Reverently dedicated to Ellen Delp

The Country Road

Part One

Summer, but a younger summer than this one; the summer back then was no more than my equal in years. True, I still wasn’t happy, not happy to my core, but I had to be in the way that everyone is. The sun set me ablaze. It grazed on the green knoll where I sat, a knoll with an almost sacred form, where I had taken refuge from the dust of the country road. Because I was weary. I was weary because I was alone. This long country road before and behind me. . The bends that it made around this knoll, the poplars — even heaven itself could not relieve it of its bleakness. I was ill at ease, because just a short way into my walk, this road had already dragged me into its misery and squalor. It was an uncanny country road. An all-knowing road. A road reserved for those who had been, in some way, left alone.

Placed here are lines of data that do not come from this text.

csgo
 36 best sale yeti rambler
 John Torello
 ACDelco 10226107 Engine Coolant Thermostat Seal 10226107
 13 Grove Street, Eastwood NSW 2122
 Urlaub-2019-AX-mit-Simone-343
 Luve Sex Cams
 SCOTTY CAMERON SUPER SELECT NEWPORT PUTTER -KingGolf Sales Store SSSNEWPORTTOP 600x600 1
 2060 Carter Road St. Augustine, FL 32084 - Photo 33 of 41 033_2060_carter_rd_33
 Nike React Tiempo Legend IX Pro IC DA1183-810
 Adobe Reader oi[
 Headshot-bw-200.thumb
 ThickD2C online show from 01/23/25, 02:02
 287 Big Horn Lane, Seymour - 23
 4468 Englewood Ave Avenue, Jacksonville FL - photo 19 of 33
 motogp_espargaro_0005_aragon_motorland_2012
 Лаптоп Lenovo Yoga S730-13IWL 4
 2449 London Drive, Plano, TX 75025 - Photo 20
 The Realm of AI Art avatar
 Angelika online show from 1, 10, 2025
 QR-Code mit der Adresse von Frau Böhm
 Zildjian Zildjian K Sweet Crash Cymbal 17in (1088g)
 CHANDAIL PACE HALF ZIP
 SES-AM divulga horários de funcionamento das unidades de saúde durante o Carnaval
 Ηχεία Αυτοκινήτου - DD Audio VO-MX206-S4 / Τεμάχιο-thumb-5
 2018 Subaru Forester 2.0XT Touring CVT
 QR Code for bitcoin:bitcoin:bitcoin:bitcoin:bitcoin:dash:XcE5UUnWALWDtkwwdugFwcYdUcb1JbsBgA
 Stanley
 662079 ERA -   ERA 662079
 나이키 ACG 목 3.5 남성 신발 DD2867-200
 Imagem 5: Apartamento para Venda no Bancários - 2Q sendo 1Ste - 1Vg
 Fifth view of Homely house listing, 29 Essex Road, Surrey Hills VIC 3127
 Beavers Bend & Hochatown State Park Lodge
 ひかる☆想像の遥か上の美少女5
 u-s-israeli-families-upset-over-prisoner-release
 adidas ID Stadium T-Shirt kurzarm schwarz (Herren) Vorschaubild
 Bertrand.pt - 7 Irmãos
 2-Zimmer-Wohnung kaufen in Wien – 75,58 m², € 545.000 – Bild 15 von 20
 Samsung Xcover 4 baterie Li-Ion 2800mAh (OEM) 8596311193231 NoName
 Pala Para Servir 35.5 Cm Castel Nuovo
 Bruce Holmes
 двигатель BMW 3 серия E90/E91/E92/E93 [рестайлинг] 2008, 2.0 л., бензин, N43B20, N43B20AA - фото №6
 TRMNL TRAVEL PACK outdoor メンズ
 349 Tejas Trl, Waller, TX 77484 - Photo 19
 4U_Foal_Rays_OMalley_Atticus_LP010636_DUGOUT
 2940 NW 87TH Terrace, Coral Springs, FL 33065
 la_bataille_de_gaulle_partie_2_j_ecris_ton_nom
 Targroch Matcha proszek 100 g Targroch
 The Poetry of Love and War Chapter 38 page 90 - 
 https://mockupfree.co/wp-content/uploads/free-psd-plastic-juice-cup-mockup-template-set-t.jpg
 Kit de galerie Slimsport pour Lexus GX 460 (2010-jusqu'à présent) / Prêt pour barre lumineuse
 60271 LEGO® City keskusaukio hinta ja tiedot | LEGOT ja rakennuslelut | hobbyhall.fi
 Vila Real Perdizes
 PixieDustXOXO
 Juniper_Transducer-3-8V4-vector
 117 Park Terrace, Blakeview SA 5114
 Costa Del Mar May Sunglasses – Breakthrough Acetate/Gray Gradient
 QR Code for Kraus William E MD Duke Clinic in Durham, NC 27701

I, for my part, unpacked my provisions from my small satchel. The heat had rendered them inedible. I had to throw them away. Not even birds would have wanted them now. So in addition to everything else, this sense of deprivation left me hungry and thirsty. And there was no spring in sight. The knoll alone seemed to conceal the secret of a spring deep within it, beyond my reach. And even if I could have hoped to find a spring nearby, I still wouldn’t have tried to reach it. I was tired and dry of tears, but close to crying.

Where were the pictures that had led me so blessedly through my childhood? They seemed to resemble this knoll. But then again, they didn’t, because I was sitting there now. And I didn’t belong in the picture anymore. I conjured up another; for the truth, which I did not spare myself, had given me a beggar’s stubborn stance toward life. I wanted to have an ideal, an ideal (since the earlier ones were already taken from me) suited to my own being. And I recalled a painting by the young Raphael that depicted the dream of a youth. I had always found the purity of that image refreshing. Even today. But such purity was no longer my own. This image from my childhood seemed to grow on the knoll, and it drove me down, down to the dusty country road. But I was not yet fully exhausted.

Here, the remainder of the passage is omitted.